En 1926, Tutundjian s'orienta vers le tachisme et l'automatisme linéaire. Du mélange des deux naîtra un surréalisme abstrait. Dans le même temps, il s'est laissé séduire par l'abstraction géométrique, en participant à la création de mouvements-manifestes comme Art concret ou Abstraction-Création.

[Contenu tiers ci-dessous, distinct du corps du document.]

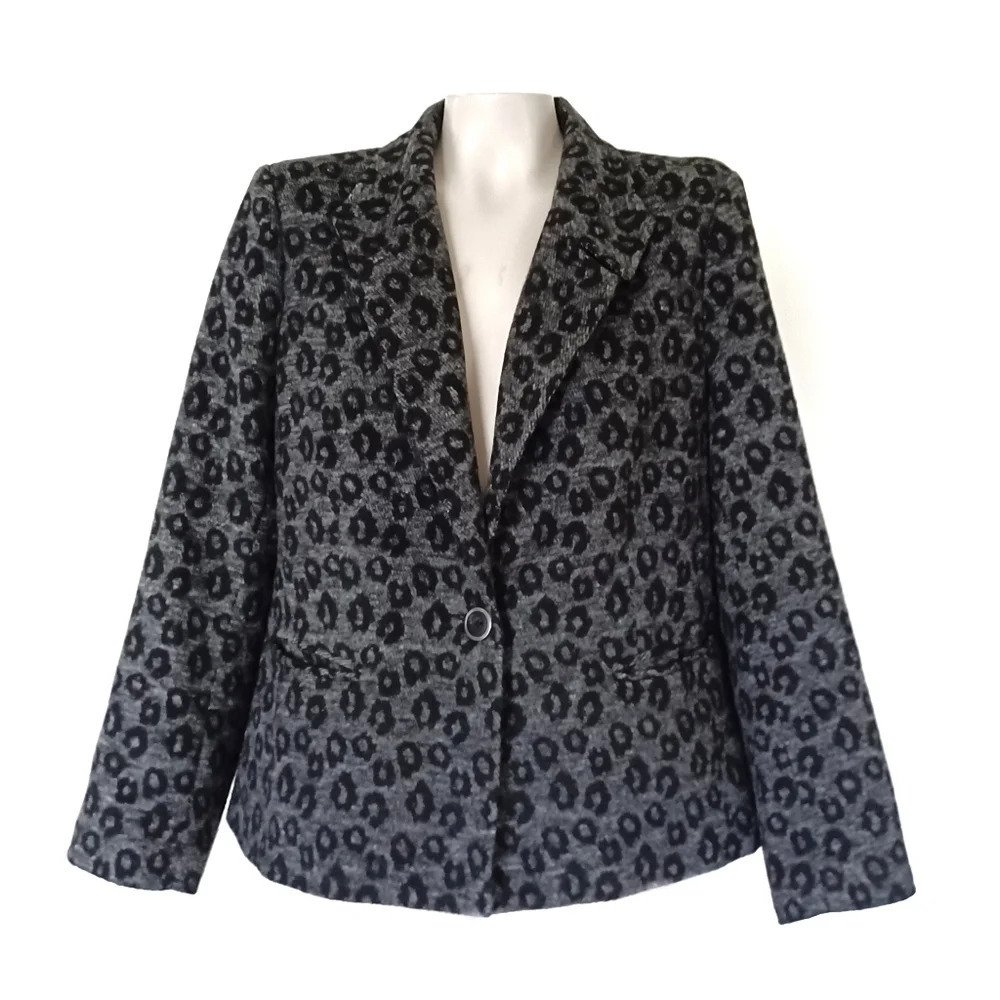 Gray One Button Animal Print Jacket Blazer Cheeth Lepard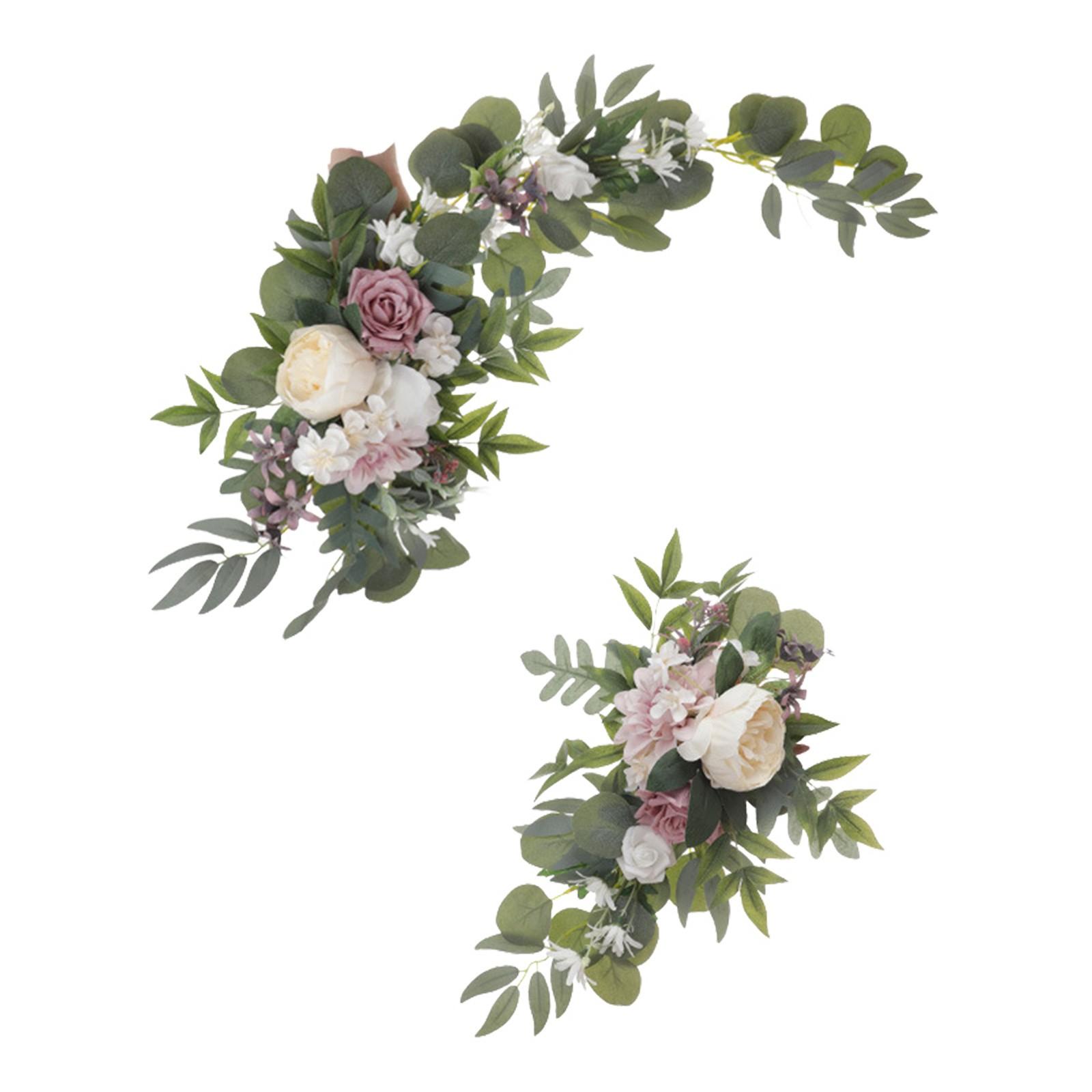 

Artificial Arch Flower Welcome Flower Two-piece Set Simulated Door Lintel Flower Card Corner Rose Wedding Decor Fake Flower One Size бежевый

Ce créateur s'est toutefois démarqué de ses collègues en restituant une illusion de la profondeur par un système de dégradés de points. Il a aussi fabriqué des reliefs de texture grise, composés de coupelles ou de cylindres inversés. En 1932, Tutundjian prit un nouveau virage vers la figuration surréaliste, avant de renouer en 1959 avec l'abstraction.

RÉCENT DÉCOLLAGE

Pour Gladys Fabre, l'oubli dans lequel il a sombré s'explique par ses changements de cap et son refus des modes. Comme l'indique le marchand Marcel Fleiss, Tutundjian est absent de la " Bible " d'André Breton, Le Surréalisme et la peinture, et de tous les dictionnaires ayant trait à ce mouvement. Lorsqu'en 1960 l'artiste est retourné à ses premières amours, il n'a pu s'imposer auprès de la nouvelle élite de l'abstraction.

Jusqu'aux ventes d'atelier organisées de 1969 à 1987 par le commissaire-priseur Jean-Claude Robert, le travail de Tutundjian n'avait pas fait l'objet d'une vraie promotion. Il faut dire que son caractère trempé n'avait guère facilité les choses auprès des marchands. L'intérêt que le galeriste Léonce Rosenberg lui avait manifesté en 1933 fut plombé par la crise. Les prix de Tutundjian ont de fait tardé à décoller. Dans la première vente organisée en 1969 par Jean-Claude Robert, les adjudications stagnaient entre 1 000 et 2 500 euros. Lors d'un one-man- show organisé par la Galerie de France à la FIAC en 1994, les dessins plafonnaient à 2 000-3 000 euros. Ceux présentés aujourd'hui chez Le Minotaure s'échelonnent de 5 000 à 26 000 euros.

Le problème tient enfin au faible intérêt témoigné à ce jour par les musées. En 1994, l'IVAM de Valencia (Espagne) a toutefois acheté un relief pour environ 50 000 euros. Bien lui en a pris : aujourd'hui, les reliefs affichés par Le Minotaure voguent entre 160 000 et 200 000 euros.

 

Roxana Azimi

Exposition " Léon Tutundjian, Abstraction 1925-1930 ",

jusqu'au 10 mars, galerie Le Minotaure, 2, rue des Beaux-Arts, 75006 Paris. Tél. :01-43-54-62-93.

Tutundjian,

par Gladys Fabre, éditions du Regard, 1994, 175 p., 59,46 euros.